- **HOW TO COMPLETE THIS TASK**
Print nothing but the lines below starting at the line that holds "Xịt khử mùi" and ending at the line that holds "Mandala grün / Tasse - Weiß/Gelb", including both, each exactly as written.

- **DATA SUPPLIED**
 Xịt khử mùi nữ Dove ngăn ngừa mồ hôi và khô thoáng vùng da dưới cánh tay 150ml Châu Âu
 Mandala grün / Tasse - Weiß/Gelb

* * *

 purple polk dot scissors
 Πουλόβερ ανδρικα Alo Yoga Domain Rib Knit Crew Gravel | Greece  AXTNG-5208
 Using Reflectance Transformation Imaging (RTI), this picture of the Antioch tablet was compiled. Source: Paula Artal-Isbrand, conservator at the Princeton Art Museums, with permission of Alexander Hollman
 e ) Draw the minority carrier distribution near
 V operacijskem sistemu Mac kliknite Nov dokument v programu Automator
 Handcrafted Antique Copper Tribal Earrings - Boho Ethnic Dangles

- **ANSWER TO THIS PROBLEM**
 Xịt khử mùi nữ Dove ngăn ngừa mồ hôi và khô thoáng vùng da dưới cánh tay 150ml Châu Âu
 Mandala grün / Tasse - Weiß/Gelb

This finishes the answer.